Stored records:
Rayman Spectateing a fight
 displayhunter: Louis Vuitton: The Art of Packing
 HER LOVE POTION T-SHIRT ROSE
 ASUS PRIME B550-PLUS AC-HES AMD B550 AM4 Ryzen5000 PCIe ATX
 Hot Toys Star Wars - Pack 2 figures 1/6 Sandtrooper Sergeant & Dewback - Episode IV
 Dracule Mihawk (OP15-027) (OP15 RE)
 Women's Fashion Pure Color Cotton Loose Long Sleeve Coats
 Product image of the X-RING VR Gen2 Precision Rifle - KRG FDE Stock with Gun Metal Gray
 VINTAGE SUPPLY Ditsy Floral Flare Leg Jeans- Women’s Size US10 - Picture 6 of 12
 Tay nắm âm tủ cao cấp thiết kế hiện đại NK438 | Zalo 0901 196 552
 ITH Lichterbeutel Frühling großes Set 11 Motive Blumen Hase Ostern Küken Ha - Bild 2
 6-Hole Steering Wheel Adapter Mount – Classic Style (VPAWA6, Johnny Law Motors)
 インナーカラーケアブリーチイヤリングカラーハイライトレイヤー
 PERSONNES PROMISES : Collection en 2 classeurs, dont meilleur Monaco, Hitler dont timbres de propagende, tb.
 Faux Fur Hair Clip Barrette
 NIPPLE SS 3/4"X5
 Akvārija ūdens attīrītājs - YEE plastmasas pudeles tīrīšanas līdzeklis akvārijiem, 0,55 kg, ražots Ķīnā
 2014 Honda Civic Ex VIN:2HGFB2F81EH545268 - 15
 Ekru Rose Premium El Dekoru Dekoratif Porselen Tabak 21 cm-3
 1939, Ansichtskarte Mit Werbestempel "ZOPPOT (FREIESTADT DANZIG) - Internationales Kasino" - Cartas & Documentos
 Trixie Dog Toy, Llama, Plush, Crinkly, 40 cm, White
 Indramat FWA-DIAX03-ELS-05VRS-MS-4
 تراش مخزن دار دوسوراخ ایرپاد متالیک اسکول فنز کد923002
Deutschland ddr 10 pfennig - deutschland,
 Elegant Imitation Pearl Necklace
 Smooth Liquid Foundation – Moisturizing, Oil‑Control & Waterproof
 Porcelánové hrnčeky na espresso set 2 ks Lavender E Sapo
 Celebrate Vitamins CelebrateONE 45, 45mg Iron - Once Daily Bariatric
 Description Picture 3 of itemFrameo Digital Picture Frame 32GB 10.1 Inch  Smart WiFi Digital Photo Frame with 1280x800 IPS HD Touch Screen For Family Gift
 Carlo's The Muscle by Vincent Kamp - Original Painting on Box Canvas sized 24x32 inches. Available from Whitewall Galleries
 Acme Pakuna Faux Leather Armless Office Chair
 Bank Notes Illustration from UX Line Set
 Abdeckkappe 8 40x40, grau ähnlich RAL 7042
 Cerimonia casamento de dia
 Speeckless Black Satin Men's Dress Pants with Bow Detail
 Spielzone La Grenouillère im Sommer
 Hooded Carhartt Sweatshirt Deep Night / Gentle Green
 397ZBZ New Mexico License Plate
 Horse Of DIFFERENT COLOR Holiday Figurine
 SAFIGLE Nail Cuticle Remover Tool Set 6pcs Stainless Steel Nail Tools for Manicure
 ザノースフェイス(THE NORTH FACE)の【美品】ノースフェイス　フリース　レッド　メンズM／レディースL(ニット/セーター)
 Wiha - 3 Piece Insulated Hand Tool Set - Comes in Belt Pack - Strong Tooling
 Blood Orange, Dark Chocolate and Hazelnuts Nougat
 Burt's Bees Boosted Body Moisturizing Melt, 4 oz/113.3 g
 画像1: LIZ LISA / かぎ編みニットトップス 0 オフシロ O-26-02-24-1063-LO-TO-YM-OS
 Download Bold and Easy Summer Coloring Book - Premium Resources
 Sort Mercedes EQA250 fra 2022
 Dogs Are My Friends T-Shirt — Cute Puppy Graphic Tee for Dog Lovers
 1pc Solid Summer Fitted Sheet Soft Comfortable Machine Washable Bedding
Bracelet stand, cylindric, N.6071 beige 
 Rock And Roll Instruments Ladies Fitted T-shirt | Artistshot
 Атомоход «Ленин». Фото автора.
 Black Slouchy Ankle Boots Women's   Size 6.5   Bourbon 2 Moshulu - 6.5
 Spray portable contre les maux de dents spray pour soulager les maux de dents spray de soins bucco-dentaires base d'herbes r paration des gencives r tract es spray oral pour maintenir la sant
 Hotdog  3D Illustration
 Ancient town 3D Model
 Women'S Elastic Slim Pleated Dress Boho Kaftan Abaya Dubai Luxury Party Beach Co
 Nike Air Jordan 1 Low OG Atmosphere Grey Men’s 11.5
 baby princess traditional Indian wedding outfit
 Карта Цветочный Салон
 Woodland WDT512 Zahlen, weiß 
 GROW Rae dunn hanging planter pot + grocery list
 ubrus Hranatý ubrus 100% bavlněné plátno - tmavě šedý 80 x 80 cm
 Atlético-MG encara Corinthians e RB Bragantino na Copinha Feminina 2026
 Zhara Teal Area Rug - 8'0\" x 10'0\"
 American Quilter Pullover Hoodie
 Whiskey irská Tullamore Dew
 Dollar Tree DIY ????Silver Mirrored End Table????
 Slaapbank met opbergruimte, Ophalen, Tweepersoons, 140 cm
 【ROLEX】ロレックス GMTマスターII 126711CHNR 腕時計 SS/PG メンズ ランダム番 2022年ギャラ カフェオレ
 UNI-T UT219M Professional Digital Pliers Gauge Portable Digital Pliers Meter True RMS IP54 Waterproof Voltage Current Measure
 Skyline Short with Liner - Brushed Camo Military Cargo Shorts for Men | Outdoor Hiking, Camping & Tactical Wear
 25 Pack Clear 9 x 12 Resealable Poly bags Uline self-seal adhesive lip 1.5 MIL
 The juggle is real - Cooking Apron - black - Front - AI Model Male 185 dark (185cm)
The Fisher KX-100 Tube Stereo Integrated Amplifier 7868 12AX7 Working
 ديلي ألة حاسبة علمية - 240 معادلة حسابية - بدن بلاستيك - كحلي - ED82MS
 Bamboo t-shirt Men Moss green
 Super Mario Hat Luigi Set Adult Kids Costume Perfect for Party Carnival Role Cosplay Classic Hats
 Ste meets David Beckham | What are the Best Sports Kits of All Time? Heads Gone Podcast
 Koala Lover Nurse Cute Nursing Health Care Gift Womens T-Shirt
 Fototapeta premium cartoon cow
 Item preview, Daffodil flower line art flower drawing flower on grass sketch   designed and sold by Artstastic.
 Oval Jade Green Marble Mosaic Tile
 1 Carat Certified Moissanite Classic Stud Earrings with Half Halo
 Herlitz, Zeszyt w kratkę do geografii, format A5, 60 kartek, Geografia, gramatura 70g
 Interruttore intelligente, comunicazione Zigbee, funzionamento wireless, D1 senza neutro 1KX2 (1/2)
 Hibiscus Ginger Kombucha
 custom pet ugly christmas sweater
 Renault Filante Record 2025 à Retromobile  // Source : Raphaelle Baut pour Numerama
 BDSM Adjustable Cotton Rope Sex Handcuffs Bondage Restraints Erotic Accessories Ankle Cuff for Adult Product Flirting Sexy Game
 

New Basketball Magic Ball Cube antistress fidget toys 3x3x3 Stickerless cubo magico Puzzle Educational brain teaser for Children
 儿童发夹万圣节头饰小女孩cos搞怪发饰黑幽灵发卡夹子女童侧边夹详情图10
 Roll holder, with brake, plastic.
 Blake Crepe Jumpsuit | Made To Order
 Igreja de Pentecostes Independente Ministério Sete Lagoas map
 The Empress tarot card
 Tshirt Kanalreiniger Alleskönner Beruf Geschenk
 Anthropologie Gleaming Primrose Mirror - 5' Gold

TASK GOAL: For each line above that contains the word "Roll", make a copy.

RESULT FOR THIS EXERCISE:
 Rock And Roll Instruments Ladies Fitted T-shirt | Artistshot
 Roll holder, with brake, plastic.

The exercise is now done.